August 13, 2012 9:09:16 AM PDT
The 83rd annual Bud Billiken Parade and picnic in Chicago stepped off Saturday morning on Martin Luther King Drive and featured performers, politicians and a message for students.

It was a picture perfect day with a picture perfect parade to go along with it.

"My family, my crowd, the community," said Quenetta Davis. "The community is number one down here."

"It's good for the kids to be a part of it also, we really like it," Helena Covington said.

Bud Billiken is the oldest and largest African American parade in the United States and Saturday, as always, thousands came out to cheer on the floats and spend time with family in what has become a yearly celebration of youth and education.

"Back to school. It's a great way to get started. All my children, family members, we all come," said Marvel Davis.

"Study hard, get ahead, that's how you get ahead in life," said Chicago Police Supt. Garry McCarthy. "Family and education and religion. Those are the three things."

There was something for everyone to enjoy. There were the traditional marching bands, and floats, including ABC7's, and then there was a touch of the exotic as a group of camels, zebras and even tigers joined in the parade.

Grand Marshall and deputy assistant to the president, Michael Strautmanis, had a message from the Obamas.

"It's a gorgeous day," he said. "I'm so happy to be here representing the president on the South Side Of Chicago.

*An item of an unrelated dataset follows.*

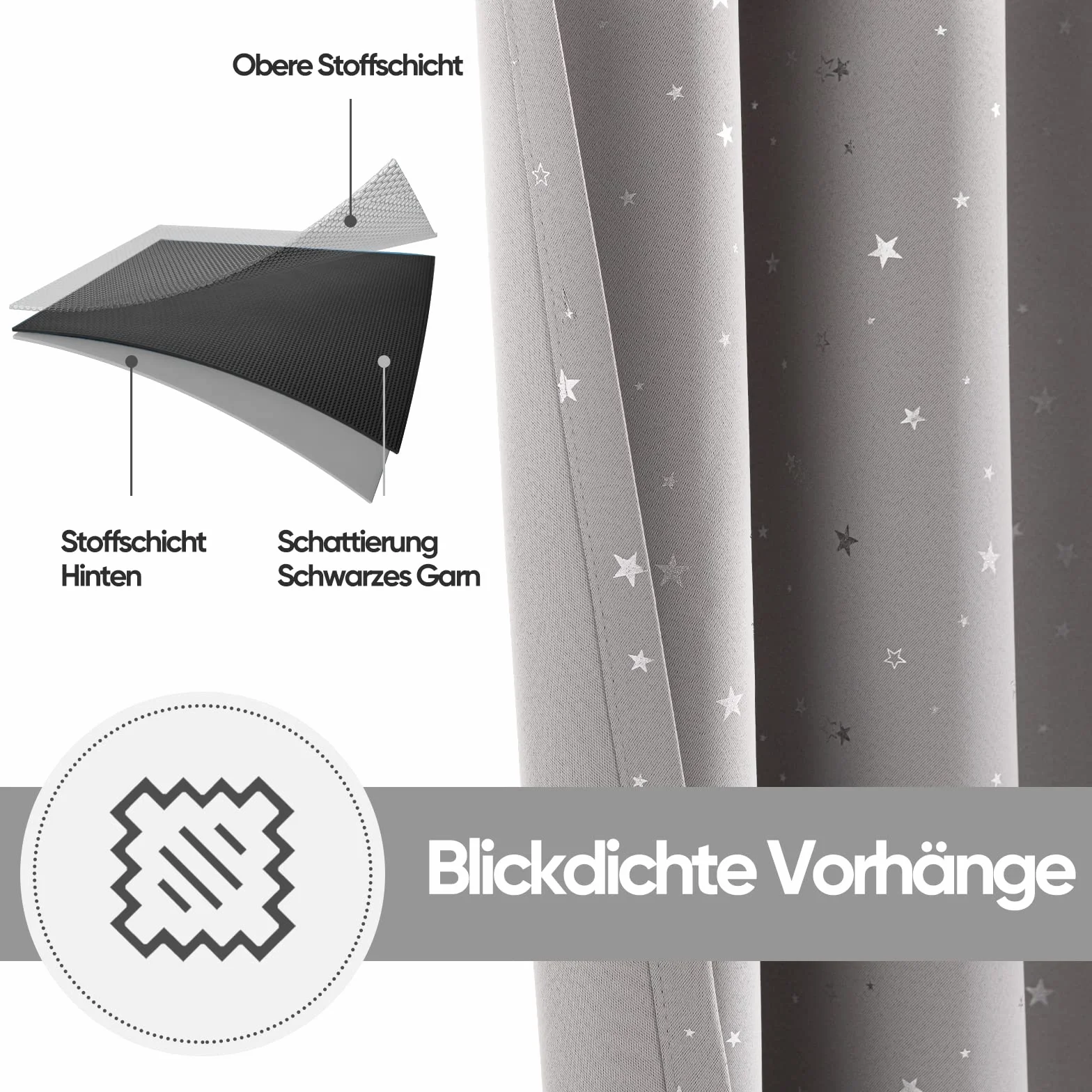 NAPEARL Cortinas Opacas Negras para Dormitorio Infantil con Estrellas Plateadas, Juego de 2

The president and the first lady asked me to come here and tell everybody, let's have a terrific school year."

And while most children here still have a few more weeks off before going back to school, Mayor Rahm Emanuel, who also walked in the parade, alluded to the newly implemented longer school day for the city's public schools

"For the first time in Chicago Public School history we're going to have a full school day and a full school year that is equal to the potential of our children," he said. "We're no longer going to shortchange them."

The parade, as usual, ended in Washington Park, where the picnic followed.